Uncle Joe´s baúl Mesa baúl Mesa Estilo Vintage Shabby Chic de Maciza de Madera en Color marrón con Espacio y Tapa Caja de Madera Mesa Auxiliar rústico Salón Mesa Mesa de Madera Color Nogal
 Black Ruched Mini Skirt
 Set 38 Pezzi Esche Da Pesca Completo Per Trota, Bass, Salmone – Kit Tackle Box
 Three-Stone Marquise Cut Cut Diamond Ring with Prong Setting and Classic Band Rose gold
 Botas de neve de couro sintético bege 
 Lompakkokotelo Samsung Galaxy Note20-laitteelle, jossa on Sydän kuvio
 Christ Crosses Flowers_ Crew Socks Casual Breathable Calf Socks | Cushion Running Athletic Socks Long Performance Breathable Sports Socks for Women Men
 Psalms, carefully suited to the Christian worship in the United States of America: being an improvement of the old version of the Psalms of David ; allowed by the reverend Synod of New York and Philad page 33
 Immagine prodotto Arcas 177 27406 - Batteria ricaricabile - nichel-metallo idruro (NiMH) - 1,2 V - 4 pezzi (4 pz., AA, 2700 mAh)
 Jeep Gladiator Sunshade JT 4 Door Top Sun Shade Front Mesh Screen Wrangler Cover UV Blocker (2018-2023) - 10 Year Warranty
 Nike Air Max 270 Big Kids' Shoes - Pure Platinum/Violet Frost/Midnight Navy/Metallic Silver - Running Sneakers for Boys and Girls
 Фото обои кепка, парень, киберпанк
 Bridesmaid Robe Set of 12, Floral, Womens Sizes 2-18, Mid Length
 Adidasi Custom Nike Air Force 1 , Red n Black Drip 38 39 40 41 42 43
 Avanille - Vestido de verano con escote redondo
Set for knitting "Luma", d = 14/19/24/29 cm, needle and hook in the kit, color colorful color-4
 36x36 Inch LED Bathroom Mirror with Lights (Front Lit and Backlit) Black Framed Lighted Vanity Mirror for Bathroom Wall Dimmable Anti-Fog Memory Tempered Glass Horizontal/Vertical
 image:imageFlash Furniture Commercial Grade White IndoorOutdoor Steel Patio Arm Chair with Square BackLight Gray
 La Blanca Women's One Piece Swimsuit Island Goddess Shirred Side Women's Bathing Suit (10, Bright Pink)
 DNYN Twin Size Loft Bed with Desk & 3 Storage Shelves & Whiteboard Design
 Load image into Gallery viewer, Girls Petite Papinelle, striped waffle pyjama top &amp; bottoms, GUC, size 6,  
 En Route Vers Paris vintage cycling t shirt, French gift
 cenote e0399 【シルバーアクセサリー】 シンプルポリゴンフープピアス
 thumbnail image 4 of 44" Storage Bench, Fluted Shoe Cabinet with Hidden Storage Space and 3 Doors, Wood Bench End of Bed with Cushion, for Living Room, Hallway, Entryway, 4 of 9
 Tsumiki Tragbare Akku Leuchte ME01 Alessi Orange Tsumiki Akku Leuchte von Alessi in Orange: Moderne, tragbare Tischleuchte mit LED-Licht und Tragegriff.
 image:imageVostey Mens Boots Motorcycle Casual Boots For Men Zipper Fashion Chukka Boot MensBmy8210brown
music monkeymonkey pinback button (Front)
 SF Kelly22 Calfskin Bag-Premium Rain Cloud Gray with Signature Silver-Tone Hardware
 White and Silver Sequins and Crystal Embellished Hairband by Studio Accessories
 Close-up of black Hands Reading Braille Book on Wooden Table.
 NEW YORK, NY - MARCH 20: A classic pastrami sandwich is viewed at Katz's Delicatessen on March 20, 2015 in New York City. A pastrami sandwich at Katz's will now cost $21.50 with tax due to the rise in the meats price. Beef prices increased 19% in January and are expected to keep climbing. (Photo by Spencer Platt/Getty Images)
□ □ □ □ □
Please list every line of the records that contains "Running".

_Expected output_
 Christ Crosses Flowers_ Crew Socks Casual Breathable Calf Socks | Cushion Running Athletic Socks Long Performance Breathable Sports Socks for Women Men
 Nike Air Max 270 Big Kids' Shoes - Pure Platinum/Violet Frost/Midnight Navy/Metallic Silver - Running Sneakers for Boys and Girls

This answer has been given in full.